* **Task to complete**: Every entry must be transcribed exactly. Pictures are not part of the copy.
[Opening Data to examine section]
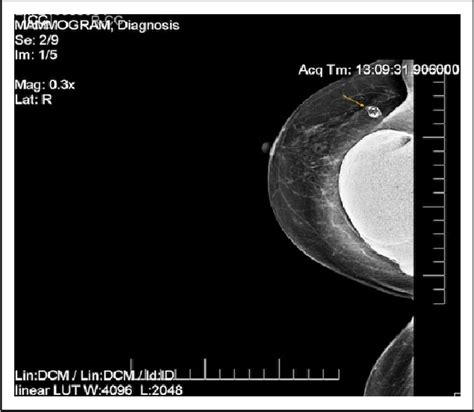 Figure 1 From Sonographic Confirmation Of Intracapsular And Extracapsular Breast Implant Rupture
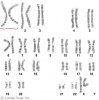karyotype_female.jpg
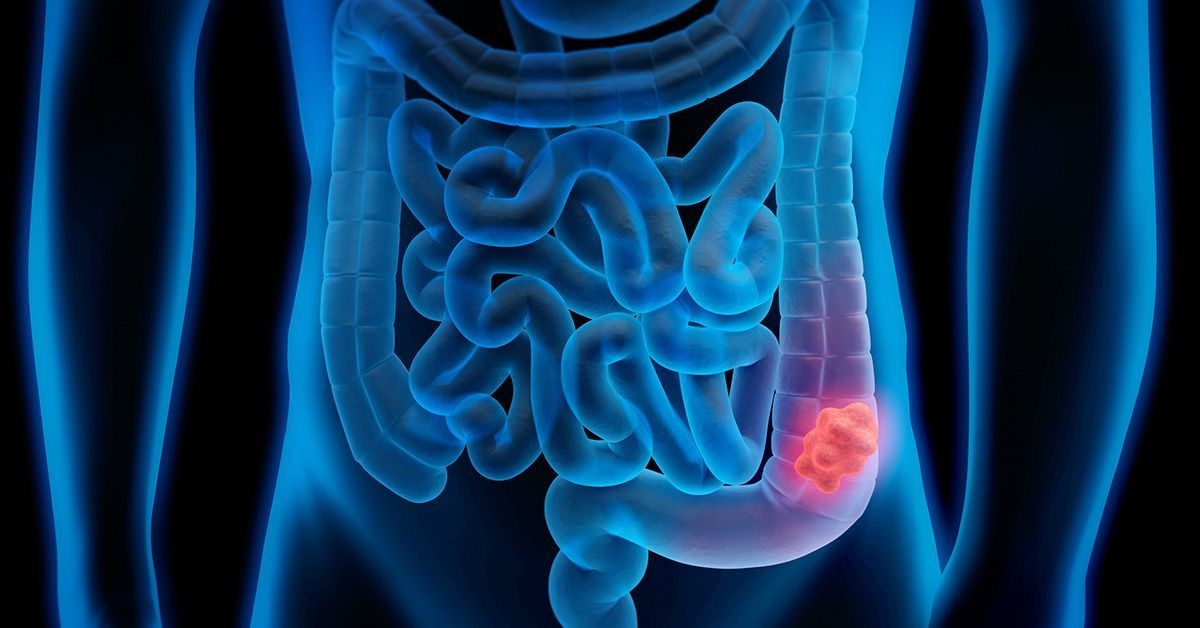 Childhood Exposure to Bacterial Toxin May Be Triggering Colorectal Cancer Epidemic Among the Young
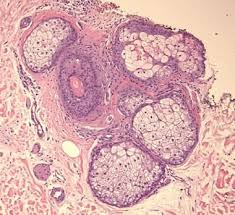 Image result for Sebaceous Gland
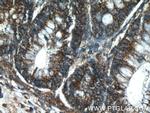 SMC4 Antibody in Immunohistochemistry (Paraffin) (IHC (P))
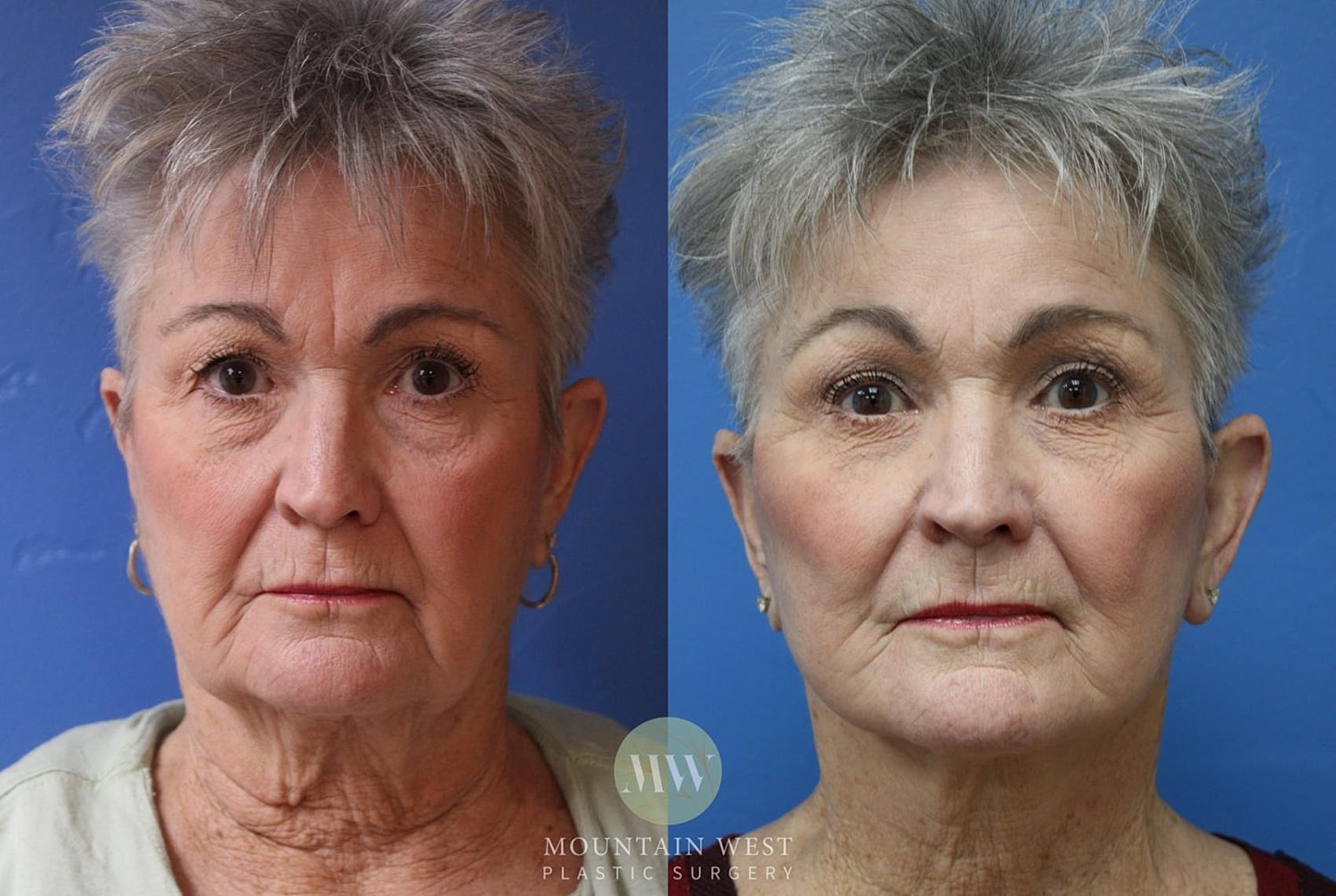 facelift before and after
[Closing Data to examine section]
* **Finished exercise**:
 Figure 1 From Sonographic Confirmation Of Intracapsular And Extracapsular Breast Implant Rupture
karyotype_female.jpg
 Childhood Exposure to Bacterial Toxin May Be Triggering Colorectal Cancer Epidemic Among the Young
 Image result for Sebaceous Gland
 SMC4 Antibody in Immunohistochemistry (Paraffin) (IHC (P))
 facelift before and after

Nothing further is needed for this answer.